GE 13 : The Role of Petronas in Malaysia’s Rapid Development

Pakatan Rakyat proposes to alter Petronas' relationship with the Government, by increasing from 5 to 20 per cent the royalties paid to oil-producing states and by using oil royalties to pay for programmes such as further subsidising the cost of petrol.
Yet these funds are already used for the rakyat's benefit. Over Petronas' life, it has contributed at times 50 per cent of Government revenue. In 2012, Government revenue totalled RM200 billion. Petronas' net revenue was RM59.69 billion, much of which went to the Government.
Its extensive operations, its downstream associated firms, and the many small enterprises that survive by servicing Petronas, account for tens of thousands of employed Malaysians, an enormous portion of the economy, and a significant share of Government revenue.
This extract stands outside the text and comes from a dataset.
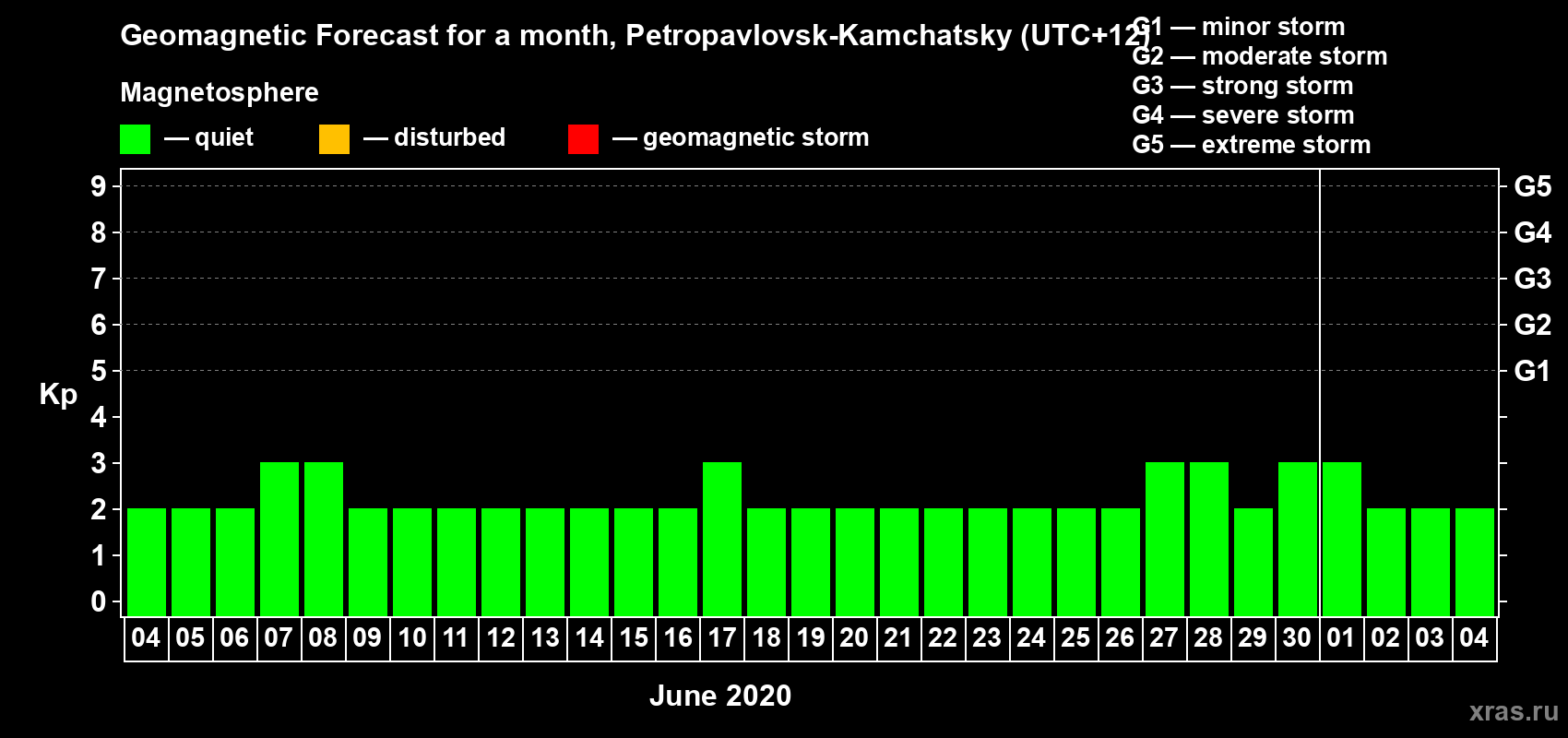 Forecast of the daily maximal value of geomagnetic index Kp for <b>1 month</b> (31 days) <b>from Jun 04, 2020 to Jul 04, 2020</b>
Modern Malaysia was built on Petronas' oil royalties. Petronas has climbed to the ranking of the 68th largest company in the world, 12th most profitable globally and most profitable in Asia, and Malaysia has grown with it.
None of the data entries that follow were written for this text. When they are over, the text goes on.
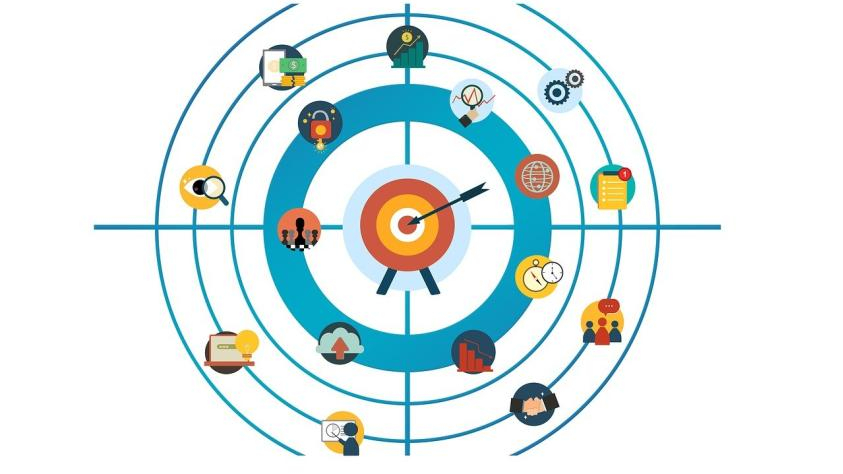 Theories to Consumer Behavior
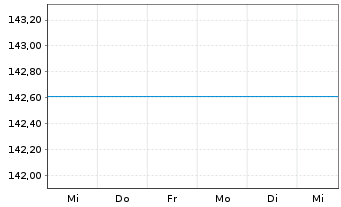 Chart UniRak - 1 Woche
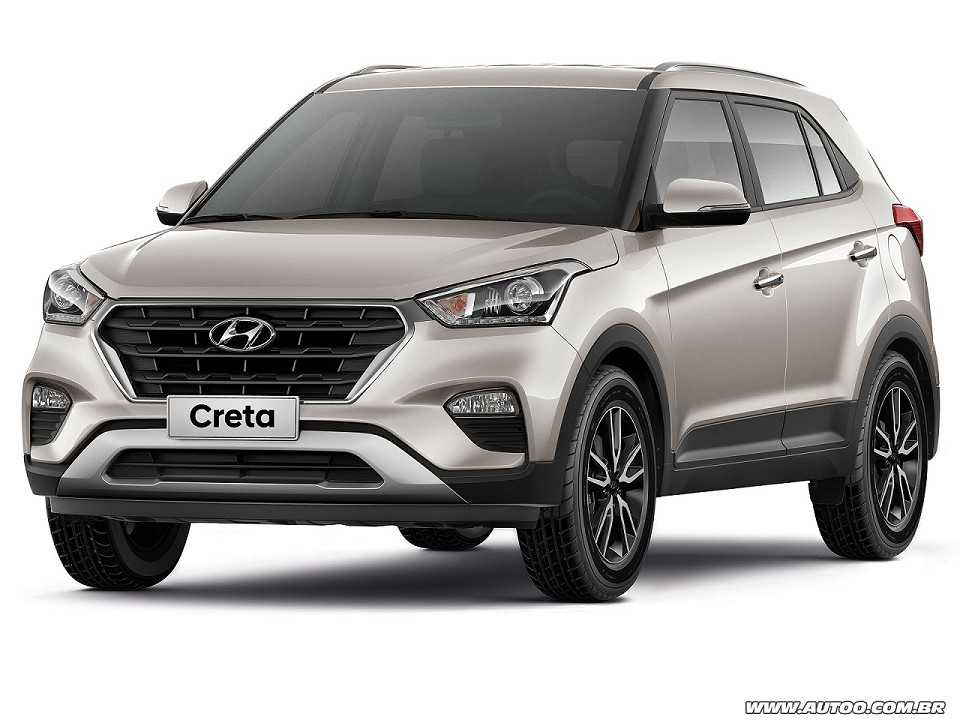 Hyundai Creta Hyundai_creta_2017_1_05122016_4667_960_720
Yet oil and natural gas are not prone to stable prices. In the last two quarters of reported data, Petronas has seen its profit fall compared to the year before. The last quarter of 2012 saw a decrease by 45 per cent, and for the year, net profit declined by 17 per cent.
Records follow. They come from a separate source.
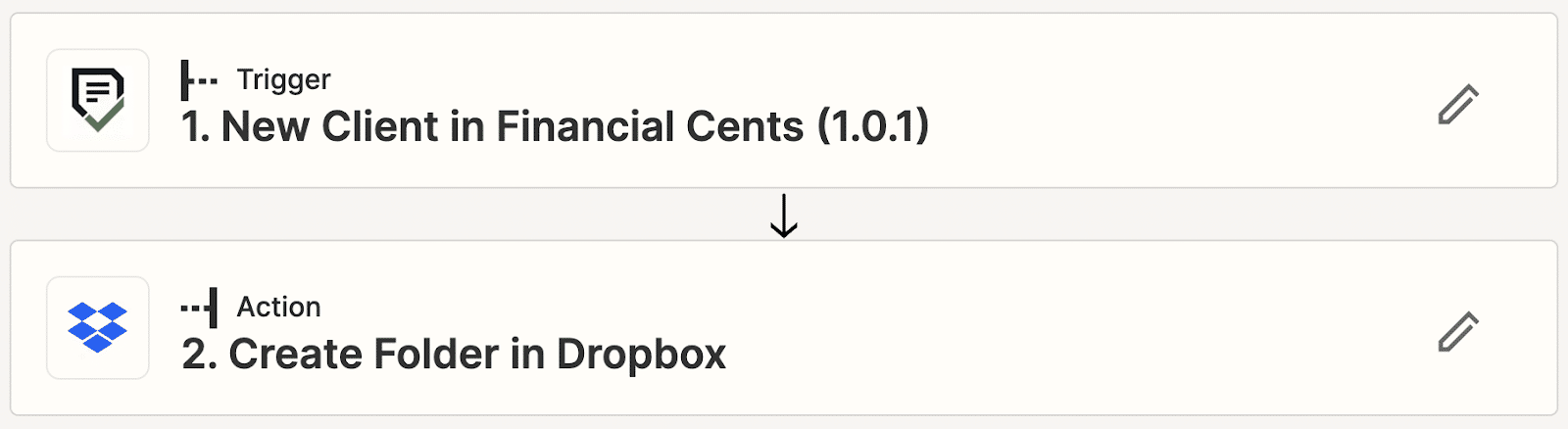 Accounting client onboarding: Dropbox Financial Cents and Zapier integration set up step 1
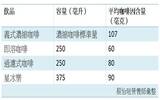 运动、减重停滞期？这个时间喝咖啡效果加倍！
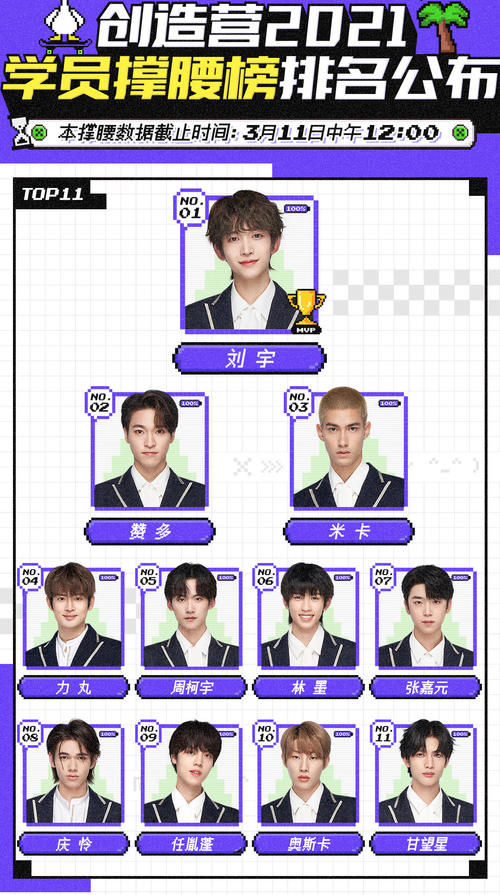 《创4》3大榜单藏着成团位：C位无悬念，海外学员内卷，哇唧3子恐陪跑
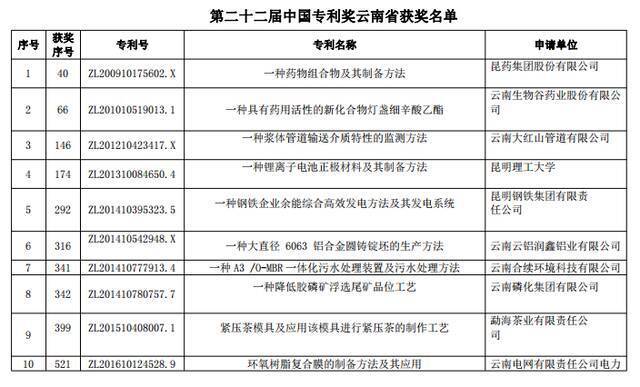 创历史新高！云南这15项专利荣获中国专利奖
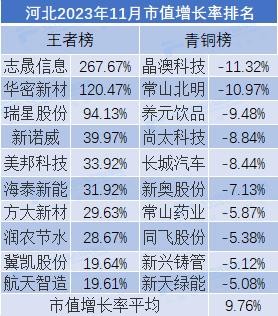2023年11月市值荣耀榜：贵州茅台月市值涨6.35% 中国人寿、中国平安市值严重缩水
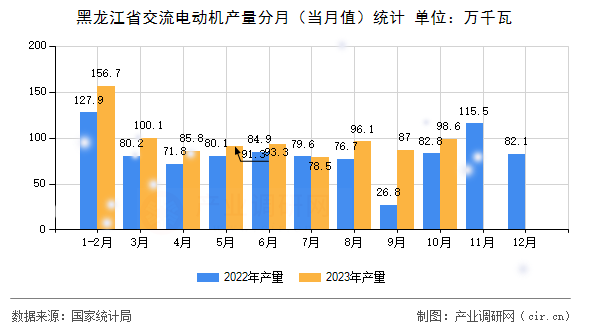 黑龍江省交流電動機產(chǎn)量分月（當月值）統(tǒng)計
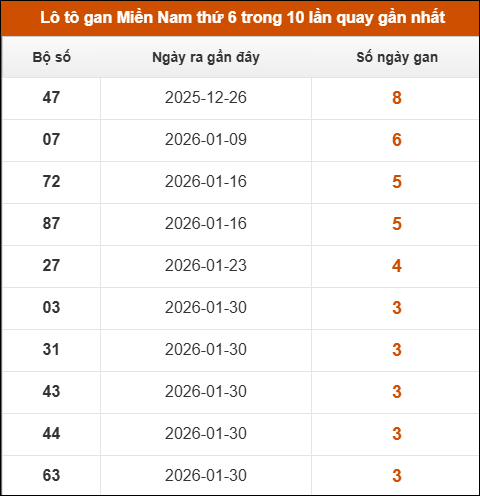 Theo dõi loto gan XSMN 27/02/2026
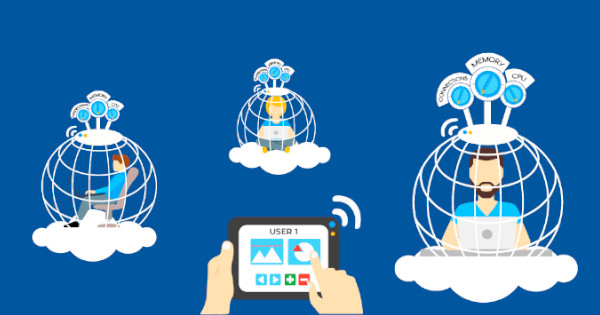 L'isolation des données est essentielle à la protection d'un site web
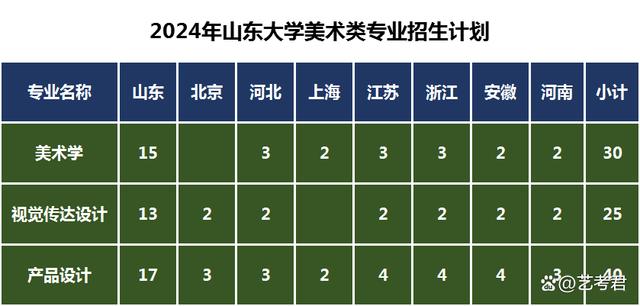 2024所面向山東、北京、河北、上海、江蘇、浙江、安徽、河南等8省招生95人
The oil industry faces enormous challenges in the face of a slowdown in Europe, China and the U.S. Petronas suffered as the price of crude oil fell below USD100 per barrel, something Pakatan Rakyat's manifesto assumes will never happen.
Petronas will need to significantly increase the net profit dedicated to developing more oil fields and natural gas wells in order to stabilise and return to growing profits.
Yet Petronas does not merely fund today's Malaysia, it is vital in funding tomorrow's. A new deposit in an existing field can take two years to become available. A new oil field struck and developed today may not come on-line until 2023 or even later. Petronas will be part of the landscape for decades to come.
Unlike other major firms, Petronas is part of the lifeblood of Malaysia. Its investment funds must come after it has made its payment to the Finance Ministry to help the Government fund its many programmes and to provide development and subsidies for the rakyat. Where Exxon-Mobil and Shell can dedicate tens of billions of ringgit to exploration, Petronas must manage its development funds carefully.
Petronas has therefore moved abroad, developing oil fields in Sudan and Vietnam and acquiring target assets such as Progress Energy in Canada. Malaysia's future demands spending and investment now.
It is from that spending and investment that Pakatan would take the subsidies it promises. Removing an additional 15 per cent of its net profit to give to the states and spending billions subsidising petrol is doubtless appealing, but it will be done at the cost of the future rakyat.
Petronas has helped build Malaysia. If it is to continue doing so, it must not be drained.